▶

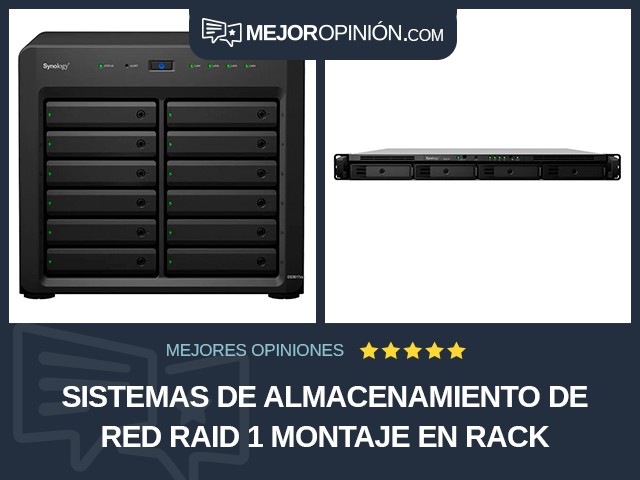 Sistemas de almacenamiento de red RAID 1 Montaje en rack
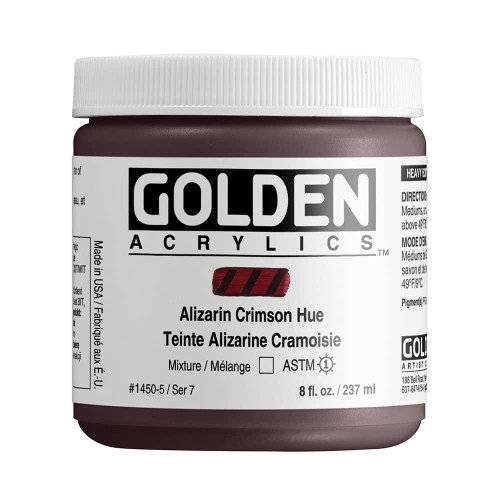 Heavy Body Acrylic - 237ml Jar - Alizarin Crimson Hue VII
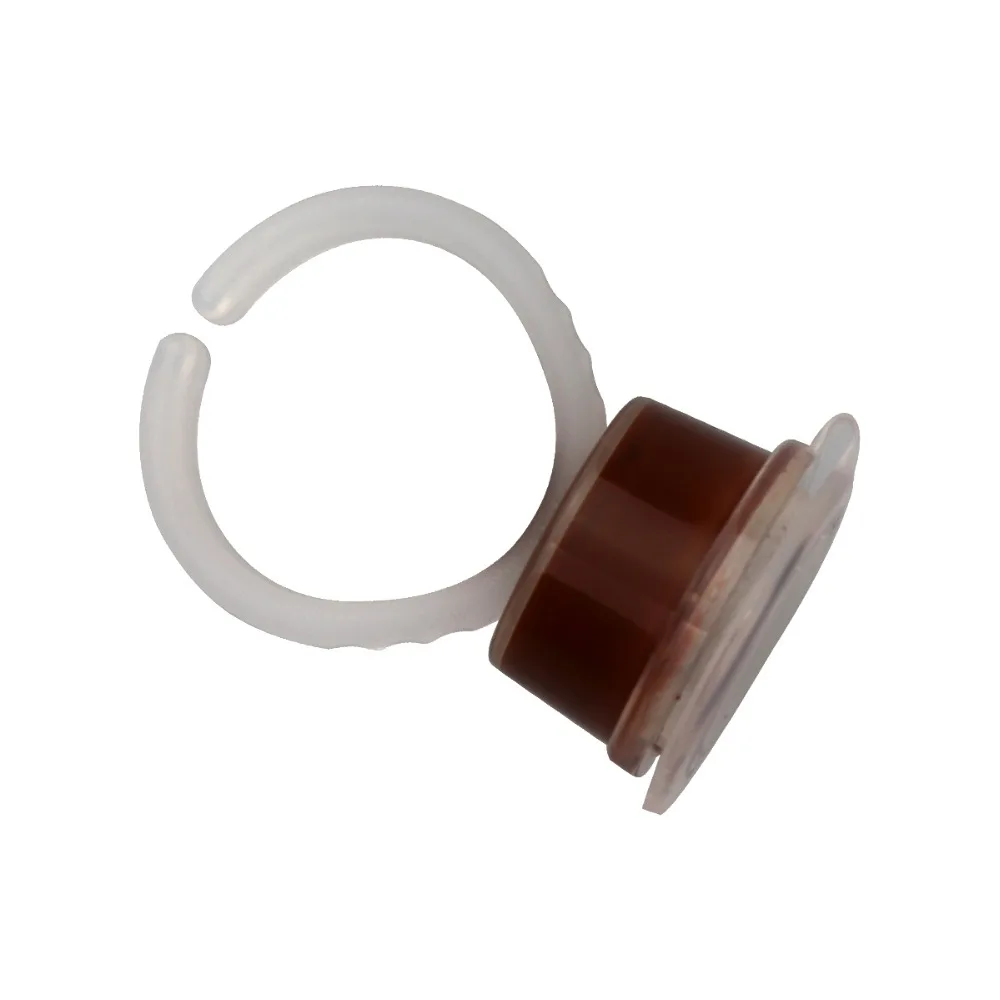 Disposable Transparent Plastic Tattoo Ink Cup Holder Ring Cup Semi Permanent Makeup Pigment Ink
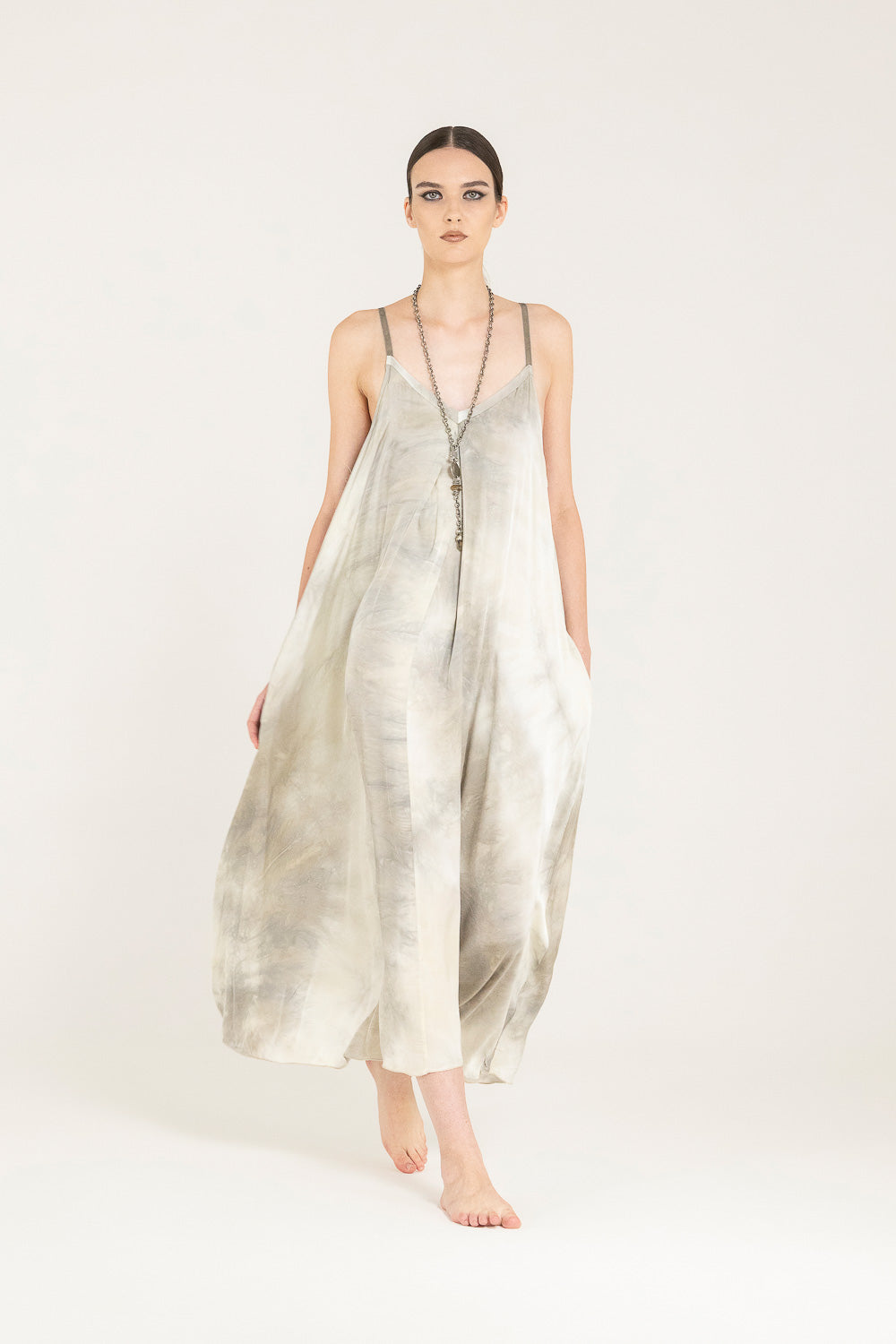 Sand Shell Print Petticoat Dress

◀

▶ _Activity_
Please produce an exact copy of all the material, leaving out the pictures.

▶ _Task output_
 Sistemas de almacenamiento de red RAID 1 Montaje en rack
 Heavy Body Acrylic - 237ml Jar - Alizarin Crimson Hue VII
 Disposable Transparent Plastic Tattoo Ink Cup Holder Ring Cup Semi Permanent Makeup Pigment Ink
 Sand Shell Print Petticoat Dress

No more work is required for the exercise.